Experimental: Overlapping communication and computation#

Compiled Graph currently provides experimental support for GPU communication and computation overlap. When you turn this feature on, it automatically overlaps the GPU communication with computation operations, thereby hiding the communication overhead and improving performance.

To enable this feature, specify _overlap_gpu_communication=True when calling dag.experimental_compile().

The following code has GPU communication and computation operations that benefit from overlapping.

import ray
import time
import torch
from ray.dag import InputNode, MultiOutputNode


@ray.remote(num_cpus=0, num_gpus=1)
class TorchTensorWorker:
    def send(self, shape, dtype, value: int, send_tensor=True):
        if not send_tensor:
            return 1
        return torch.ones(shape, dtype=dtype, device="cuda") * value

    def recv_and_matmul(self, two_d_tensor):
        """
        Receive the tensor and do some expensive computation (matmul).

        Args:
            two_d_tensor: a 2D tensor that has the same size for its dimensions
        """
        # Check that tensor got loaded to the correct device.
        assert two_d_tensor.dim() == 2
        assert two_d_tensor.size(0) == two_d_tensor.size(1)
        torch.matmul(two_d_tensor, two_d_tensor)
        return (two_d_tensor[0][0].item(), two_d_tensor.shape, two_d_tensor.dtype)


def test(overlap_gpu_communication):
    num_senders = 3
    senders = [TorchTensorWorker.remote() for _ in range(num_senders)]
    receiver = TorchTensorWorker.remote()
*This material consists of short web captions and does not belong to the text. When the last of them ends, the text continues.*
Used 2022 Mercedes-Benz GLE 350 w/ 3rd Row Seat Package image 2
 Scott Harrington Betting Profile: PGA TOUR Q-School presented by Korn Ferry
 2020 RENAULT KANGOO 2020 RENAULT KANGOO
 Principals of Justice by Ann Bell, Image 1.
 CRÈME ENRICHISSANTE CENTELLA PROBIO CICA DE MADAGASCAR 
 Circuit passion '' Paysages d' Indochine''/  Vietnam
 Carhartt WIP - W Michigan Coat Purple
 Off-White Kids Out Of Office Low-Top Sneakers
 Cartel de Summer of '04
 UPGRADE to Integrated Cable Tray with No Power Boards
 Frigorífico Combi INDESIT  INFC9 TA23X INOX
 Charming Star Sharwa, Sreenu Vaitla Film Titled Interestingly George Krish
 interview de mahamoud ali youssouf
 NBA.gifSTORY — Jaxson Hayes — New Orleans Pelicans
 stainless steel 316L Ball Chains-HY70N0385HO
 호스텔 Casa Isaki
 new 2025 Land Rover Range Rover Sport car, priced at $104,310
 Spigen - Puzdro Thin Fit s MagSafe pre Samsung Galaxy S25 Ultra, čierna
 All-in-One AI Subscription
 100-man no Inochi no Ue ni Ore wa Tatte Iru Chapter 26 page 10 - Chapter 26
    shape = (10000, 10000)
    dtype = torch.float16

    with InputNode() as inp:
        branches = [sender.send.bind(shape, dtype, inp) for sender in senders]
        branches = [
            branch.with_tensor_transport(
                transport="nccl", _static_shape=True, _direct_return=True
            )
            # For a ray version before 2.42, use `with_type_hint()` instead.
            # branch.with_type_hint(
            #     TorchTensorType(
            #         transport="nccl", _static_shape=True, _direct_return=True
            #     )
            # )
            for branch in branches
        ]
        branches = [receiver.recv_and_matmul.bind(branch) for branch in branches]
        dag = MultiOutputNode(branches)

    compiled_dag = dag.experimental_compile(
        _overlap_gpu_communication=overlap_gpu_communication
    )

    start = time.monotonic()
    for i in range(5):
        ref = compiled_dag.execute(i)
        result = ray.get(ref)
        assert result == [(i, shape, dtype)] * num_senders
    duration = time.monotonic() - start
    print(f"{overlap_gpu_communication=}, {duration=}")
    compiled_dag.teardown(kill_actors=True)


for overlap_gpu_communication in [False, True]:
    test(overlap_gpu_communication)

The output of the preceding code includes the following two lines:

overlap_gpu_communication=False, duration=1.0670117866247892
overlap_gpu_communication=True, duration=0.9211348341777921

The actual performance numbers may vary on different hardware, but enabling _overlap_gpu_communication improves latency by about 14% for this example.